Well, first, and probably most primarily, you’ve just displaced a solid lefty from your bullpen in exchange for a guy who’s statistically not much better offensively than your two current catchers on the depth chart in Tony Sanchez and Chris Stewart. Let’s look at the 2014 numbers:

  • Chris Stewart: .294/.362/.331 with 0 HR and a WAR of 0.6 (in 49 games)
  • Tony Sanchez: .267/.300/.360 with 2 HR and a WAR of 0.1 (in 26 games)
  • Francisco Cervelli: .301/.370/.432 with 2HR and a WAR of 1.1 (in 49 games)

Wilson isn’t the best pitcher on staff, but he’s a lefty.

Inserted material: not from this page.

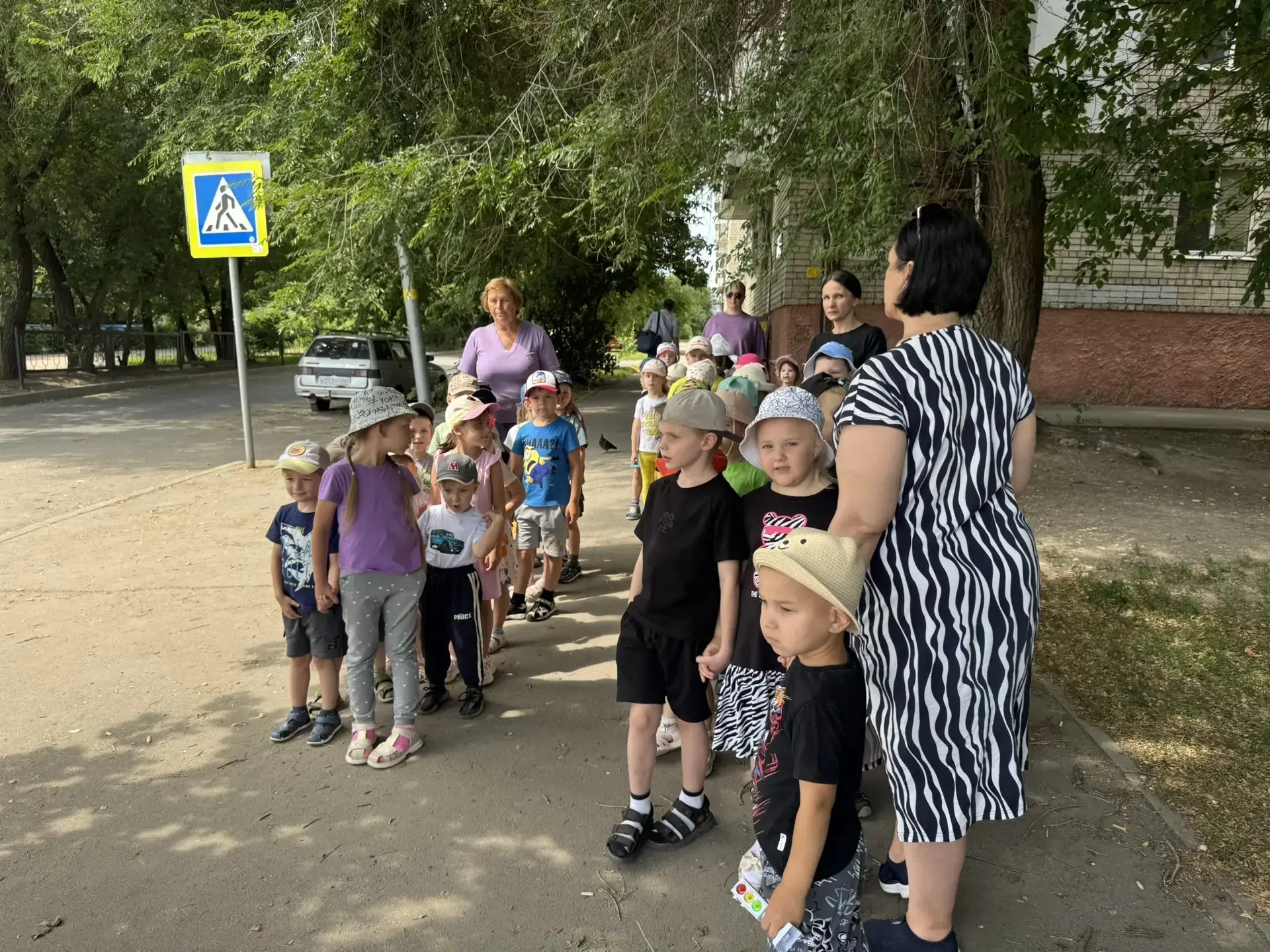 Безопасность на дороге — наша главная задача! 🚦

If you look at the Pirates’ active roster, you will find exactly four lefties on it, two of which are starters (Jeff Locke and Joely Rodriguez – who?). That leaves you with Bobby LaFromboise and Tony Watson, not exactly the best for match-up based pitching changes late in the game.

Perhaps that’s not even a legitimate concern given Clint Hurdle‘s “gut-based” managerial style.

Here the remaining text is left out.